1. En 1959 la revista Successo encarga a Pier Paolo Pasolini un reportaje sobre las playas italianas. Desde Ventimiglia a Trieste. En aquel momento, el magnífico escritor aún no se había convertido en el excelente cineasta a quien debemos obras como Accattone (1961), Mamma Roma (1962), El evangelio según san Mateo (1964), Pajaritos y pajarracos (1965), Edipo Rey (1967), Teorema (1968), Medea (1969), El Decamerón (1970), Los cuentos de Canterbury (1972), Las mil y una noches (1973) y Saló o los ciento veinte días de Sodoma (1975). Sin embargo, ya había publicado un poemario tan excelente como Las cenizas de Gramsci (1957) o la novela Chicos del arroyo (1955): a causa de este libro será procesado bajo la acusación de obscenidad. No será la única vez en su vida.
2. Todos estos datos aparecen recopilados y ordenados en el instructivo Apéndice de esta edición que también incluye una carta, absolutamente ejemplar en su argumentario y en su valentía, en respuesta a la manipulada indignación que suscita un párrafo de La larga carretera de arena: “Y ahí, tras una extensión de dunas amarillas, en una especie de altiplano, Cutro. Lo veo sin parar el coche, pero es el lugar que más me impresiona de todo este largo viaje. Es, ciertamente, el pueblo de los bandidos, tal y como aparece en ciertos westerns.” En el centro de la tormenta siempre, Pasolini, diana de los escándalos y las provocaciones, comunista y homosexual, fue asesinado por un chico de diecisiete años en 1975.
3. En una servilleta manuscrita, recogida en este volumen aparentemente humilde pero precioso e intenso, se puede leer: “Salgo. Llevo puestos mis dos ojos». Y vaya si los lleva puestos. La larga carretera de arena es una gozosa lección de cómo mirar para que los otros vean. La lección y el gozo pueden aplicarse a la literatura y al cine pasolinianos. A las dos artes como materias narrativas escritas a través de la sensorialidad de la imagen: en la literatura la imagen se levanta de la página y el lenguaje delinea los contornos de lo que ya no se ve por incómodo, sobrenatural o excesivamente doméstico. En el cine, la imagen revela y vela: en algunas veladuras, en algunos borrones, está la carta robada de Poe que le da sentido a todo. El subrayado.

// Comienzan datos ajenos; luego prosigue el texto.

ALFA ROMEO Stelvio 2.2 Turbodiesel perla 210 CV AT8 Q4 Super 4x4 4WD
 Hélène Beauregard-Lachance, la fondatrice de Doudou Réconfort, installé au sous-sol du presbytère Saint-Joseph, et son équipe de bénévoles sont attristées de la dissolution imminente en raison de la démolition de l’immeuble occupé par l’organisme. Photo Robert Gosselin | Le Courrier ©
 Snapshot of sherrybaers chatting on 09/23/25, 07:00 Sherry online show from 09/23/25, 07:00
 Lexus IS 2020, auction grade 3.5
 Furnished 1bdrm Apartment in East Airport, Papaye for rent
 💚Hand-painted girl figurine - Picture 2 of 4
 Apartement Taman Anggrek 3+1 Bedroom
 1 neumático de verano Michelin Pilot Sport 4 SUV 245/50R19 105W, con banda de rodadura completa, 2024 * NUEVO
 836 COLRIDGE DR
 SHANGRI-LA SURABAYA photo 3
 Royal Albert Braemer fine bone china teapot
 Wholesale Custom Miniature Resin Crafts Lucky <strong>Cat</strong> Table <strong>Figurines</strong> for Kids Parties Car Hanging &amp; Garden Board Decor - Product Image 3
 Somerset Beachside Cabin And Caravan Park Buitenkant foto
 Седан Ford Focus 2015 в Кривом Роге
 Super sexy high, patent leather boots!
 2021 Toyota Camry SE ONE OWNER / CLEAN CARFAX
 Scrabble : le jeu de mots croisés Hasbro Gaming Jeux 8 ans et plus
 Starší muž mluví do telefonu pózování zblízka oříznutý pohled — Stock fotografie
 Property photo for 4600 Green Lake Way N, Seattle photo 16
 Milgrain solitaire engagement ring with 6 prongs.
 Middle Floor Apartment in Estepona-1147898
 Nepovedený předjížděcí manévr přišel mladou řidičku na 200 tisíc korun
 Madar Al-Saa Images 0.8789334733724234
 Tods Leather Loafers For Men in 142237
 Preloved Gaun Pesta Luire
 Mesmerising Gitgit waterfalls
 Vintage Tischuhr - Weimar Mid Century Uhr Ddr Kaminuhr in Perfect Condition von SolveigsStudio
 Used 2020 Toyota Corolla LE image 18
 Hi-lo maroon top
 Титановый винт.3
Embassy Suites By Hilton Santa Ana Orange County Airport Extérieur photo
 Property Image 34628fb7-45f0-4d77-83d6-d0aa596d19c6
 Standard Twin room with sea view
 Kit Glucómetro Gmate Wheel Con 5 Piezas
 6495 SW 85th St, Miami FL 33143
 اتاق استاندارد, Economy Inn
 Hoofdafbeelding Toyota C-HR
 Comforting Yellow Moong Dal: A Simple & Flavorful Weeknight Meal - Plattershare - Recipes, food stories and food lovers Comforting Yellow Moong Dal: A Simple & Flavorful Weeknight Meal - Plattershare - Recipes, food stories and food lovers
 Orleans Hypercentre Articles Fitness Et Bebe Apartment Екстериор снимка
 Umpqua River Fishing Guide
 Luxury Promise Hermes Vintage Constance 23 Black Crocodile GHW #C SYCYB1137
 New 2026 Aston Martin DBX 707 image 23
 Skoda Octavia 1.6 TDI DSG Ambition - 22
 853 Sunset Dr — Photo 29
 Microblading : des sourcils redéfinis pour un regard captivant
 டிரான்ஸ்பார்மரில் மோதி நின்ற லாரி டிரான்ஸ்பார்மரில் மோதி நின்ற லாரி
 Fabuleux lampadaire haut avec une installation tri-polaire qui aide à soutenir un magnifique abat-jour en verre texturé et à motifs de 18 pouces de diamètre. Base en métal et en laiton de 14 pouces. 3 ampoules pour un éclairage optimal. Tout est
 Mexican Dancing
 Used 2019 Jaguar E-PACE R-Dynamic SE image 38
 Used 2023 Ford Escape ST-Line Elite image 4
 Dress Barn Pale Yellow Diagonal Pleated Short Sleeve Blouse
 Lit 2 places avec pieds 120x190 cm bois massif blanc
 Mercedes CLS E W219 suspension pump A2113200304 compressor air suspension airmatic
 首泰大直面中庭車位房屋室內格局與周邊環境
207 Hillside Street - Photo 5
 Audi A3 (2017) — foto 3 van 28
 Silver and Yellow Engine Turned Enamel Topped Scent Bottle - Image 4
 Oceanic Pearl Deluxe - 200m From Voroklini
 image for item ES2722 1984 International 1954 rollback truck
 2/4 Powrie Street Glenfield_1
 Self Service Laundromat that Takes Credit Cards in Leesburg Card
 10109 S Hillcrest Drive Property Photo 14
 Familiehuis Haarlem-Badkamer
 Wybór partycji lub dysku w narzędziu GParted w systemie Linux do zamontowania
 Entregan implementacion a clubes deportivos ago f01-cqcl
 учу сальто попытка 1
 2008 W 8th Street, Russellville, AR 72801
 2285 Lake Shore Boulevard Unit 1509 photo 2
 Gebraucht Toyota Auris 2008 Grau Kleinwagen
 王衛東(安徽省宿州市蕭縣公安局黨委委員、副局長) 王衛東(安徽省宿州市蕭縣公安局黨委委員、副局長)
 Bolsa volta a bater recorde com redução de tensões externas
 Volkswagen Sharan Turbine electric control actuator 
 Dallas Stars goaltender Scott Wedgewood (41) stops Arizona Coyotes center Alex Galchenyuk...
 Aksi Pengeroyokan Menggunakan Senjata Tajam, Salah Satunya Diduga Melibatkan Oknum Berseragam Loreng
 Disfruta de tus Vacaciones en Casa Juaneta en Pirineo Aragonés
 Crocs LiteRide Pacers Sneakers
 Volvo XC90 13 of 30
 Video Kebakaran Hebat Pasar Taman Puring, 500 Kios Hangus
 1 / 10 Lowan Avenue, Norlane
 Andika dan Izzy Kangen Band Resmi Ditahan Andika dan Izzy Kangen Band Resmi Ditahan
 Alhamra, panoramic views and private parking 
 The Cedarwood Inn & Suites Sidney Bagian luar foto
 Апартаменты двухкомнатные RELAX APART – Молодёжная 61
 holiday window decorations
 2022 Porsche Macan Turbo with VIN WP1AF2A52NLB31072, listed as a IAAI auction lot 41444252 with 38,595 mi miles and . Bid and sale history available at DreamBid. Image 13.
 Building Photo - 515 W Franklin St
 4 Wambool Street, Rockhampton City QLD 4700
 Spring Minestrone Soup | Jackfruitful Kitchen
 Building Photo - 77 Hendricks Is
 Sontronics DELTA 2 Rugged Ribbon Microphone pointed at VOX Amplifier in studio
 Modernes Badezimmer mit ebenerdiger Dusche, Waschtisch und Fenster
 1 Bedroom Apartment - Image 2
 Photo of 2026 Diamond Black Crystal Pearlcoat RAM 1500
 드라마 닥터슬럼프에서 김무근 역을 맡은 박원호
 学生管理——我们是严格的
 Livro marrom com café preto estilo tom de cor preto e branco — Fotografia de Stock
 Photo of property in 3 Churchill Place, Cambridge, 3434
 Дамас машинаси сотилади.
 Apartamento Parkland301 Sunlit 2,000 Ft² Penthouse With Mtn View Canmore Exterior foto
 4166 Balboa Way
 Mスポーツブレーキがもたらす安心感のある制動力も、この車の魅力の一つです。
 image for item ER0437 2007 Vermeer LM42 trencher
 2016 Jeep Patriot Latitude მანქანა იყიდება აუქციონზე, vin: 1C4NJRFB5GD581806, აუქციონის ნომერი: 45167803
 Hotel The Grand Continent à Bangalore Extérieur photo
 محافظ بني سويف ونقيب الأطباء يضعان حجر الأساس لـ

4. Acaso “las cartas robadas” de este texto se escondan a lo largo de un recorrido por los perfiles de la bota de Italia. En los repliegues cartográficos habita el destello glamuroso —Greta Garbo en Ravello— y el borrón de un subproletariado que sorprende a Pasolini en la última playa italiana: Lazaretto, en el norte. Parece un espacio del sur más deprimido. “Aquí termina Italia, termina el verano”. Los ojos que Pasolini lleva puestos —como las gafas del doctor T.J. Eckleburg en El gran Gatsby— han recorrido la bota a mitad de muslo de la península itálica con una euforia pegadiza hasta llegar a este punto pintado con colores feos para describir lo feo. Con una insistencia en lo precario y lo sucio próxima a una estética feísta que contrasta con el resto de La larga carretera de arena. El escritor boloñés decide cerrar su reportaje con estos ojos de botella medio vacía. Lúcidos y elegiacos. Ceniza. Pero también resurrección. O mejor: resucitación a cargo de la mano de las mujeres y los hombres de buena voluntad e inmejorable cabeza.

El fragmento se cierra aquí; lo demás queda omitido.